■ How to complete this task
With the pictures left out, print exactly the lines below that run from the one containing "Ken in Wonderland ที่ Vertigo TOO — photo 88" through the one containing "Apartamentos Faro Da Rocha 오그로브 외부 사진".

■ Material for the task
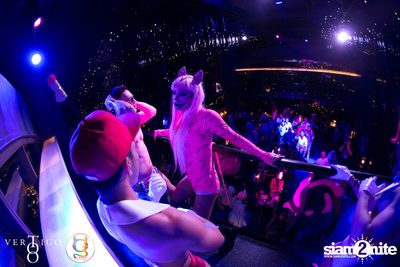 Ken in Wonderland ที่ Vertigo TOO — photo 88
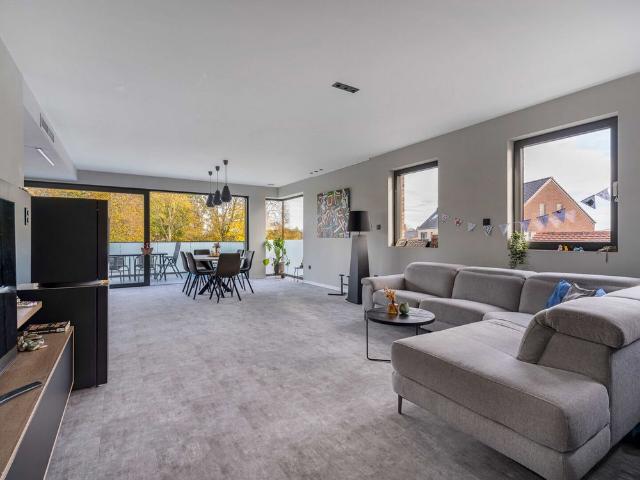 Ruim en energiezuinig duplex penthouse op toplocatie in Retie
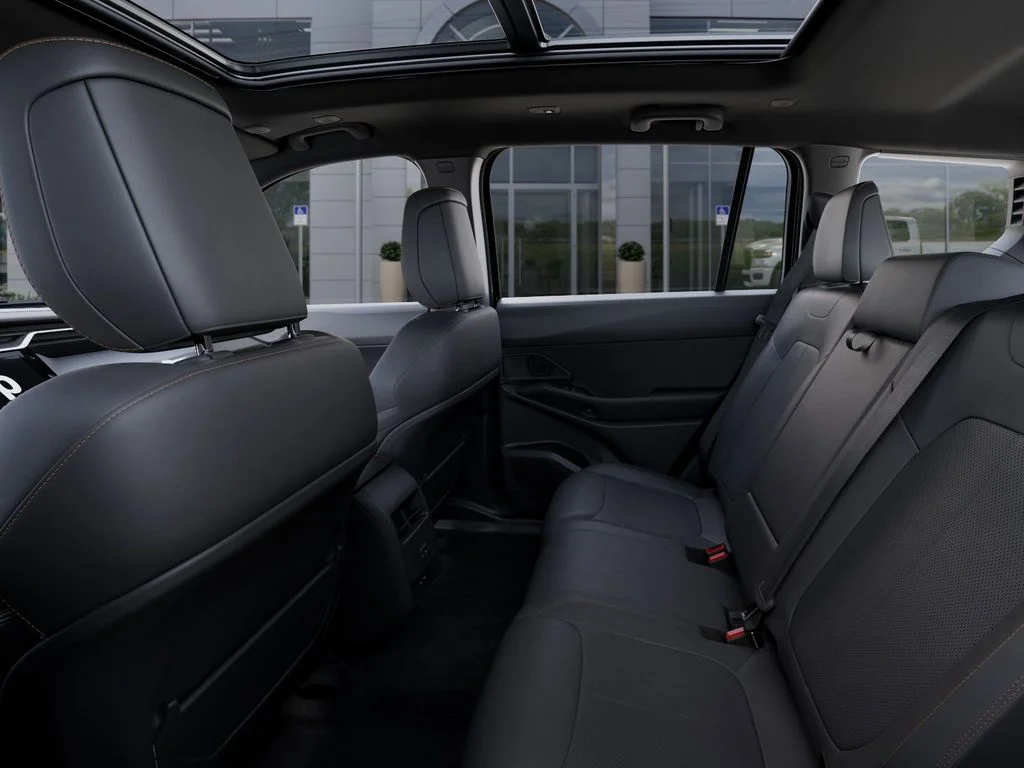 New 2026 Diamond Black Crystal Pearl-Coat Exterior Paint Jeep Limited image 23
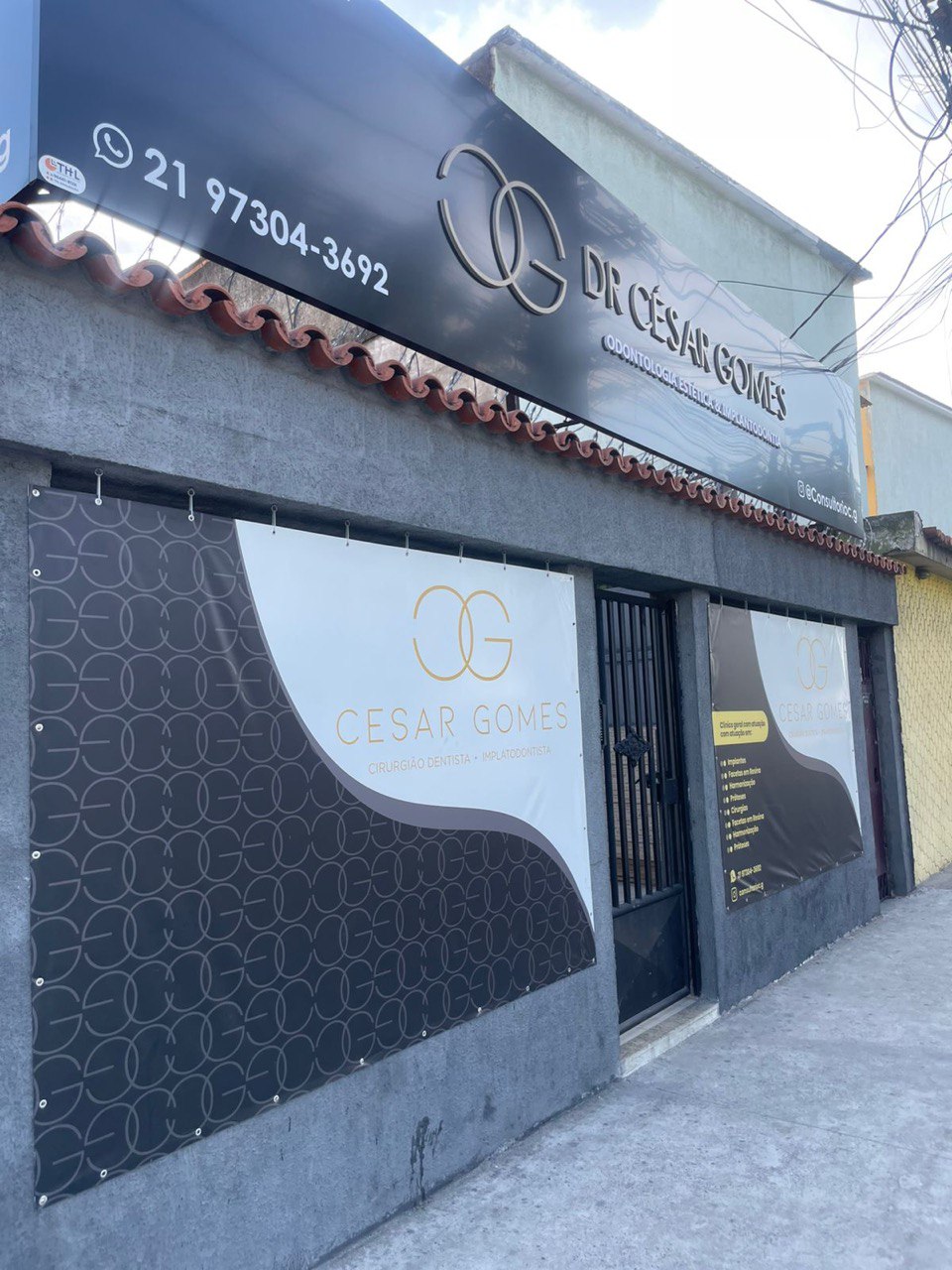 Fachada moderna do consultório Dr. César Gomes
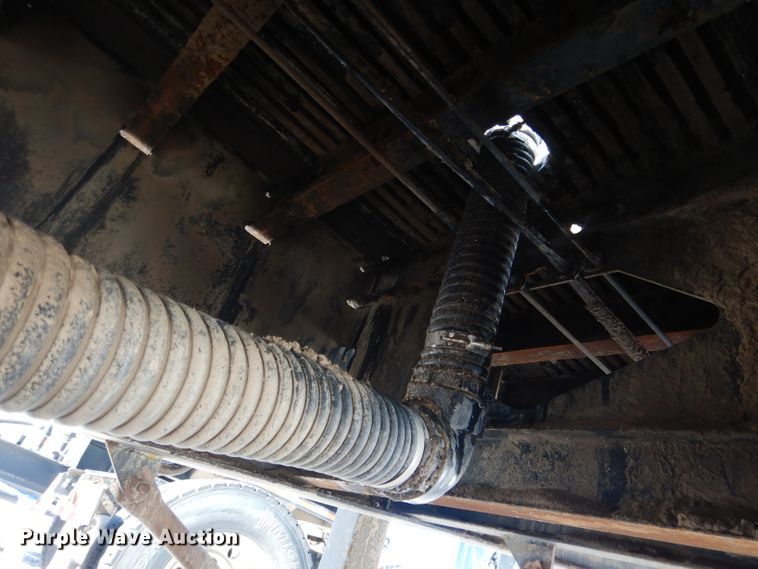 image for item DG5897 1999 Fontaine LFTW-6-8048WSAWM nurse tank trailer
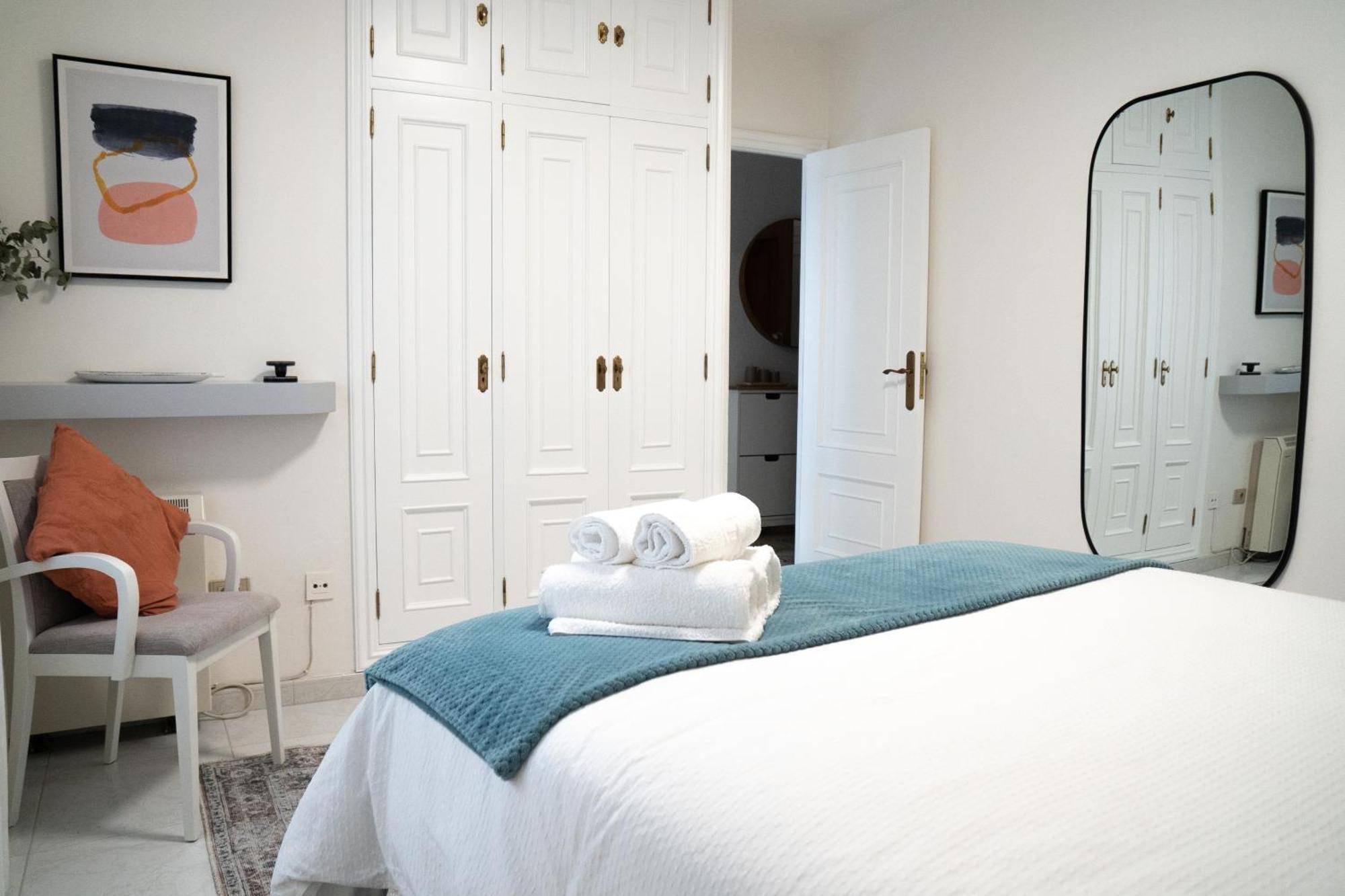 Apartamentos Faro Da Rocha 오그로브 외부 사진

---

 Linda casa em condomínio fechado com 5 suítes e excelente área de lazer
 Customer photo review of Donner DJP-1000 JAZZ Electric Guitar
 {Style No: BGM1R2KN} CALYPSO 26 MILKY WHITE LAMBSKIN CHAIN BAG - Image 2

■ Expected output
 Ken in Wonderland ที่ Vertigo TOO — photo 88
 Ruim en energiezuinig duplex penthouse op toplocatie in Retie
 New 2026 Diamond Black Crystal Pearl-Coat Exterior Paint Jeep Limited image 23
 Fachada moderna do consultório Dr. César Gomes
 image for item DG5897 1999 Fontaine LFTW-6-8048WSAWM nurse tank trailer
 Apartamentos Faro Da Rocha 오그로브 외부 사진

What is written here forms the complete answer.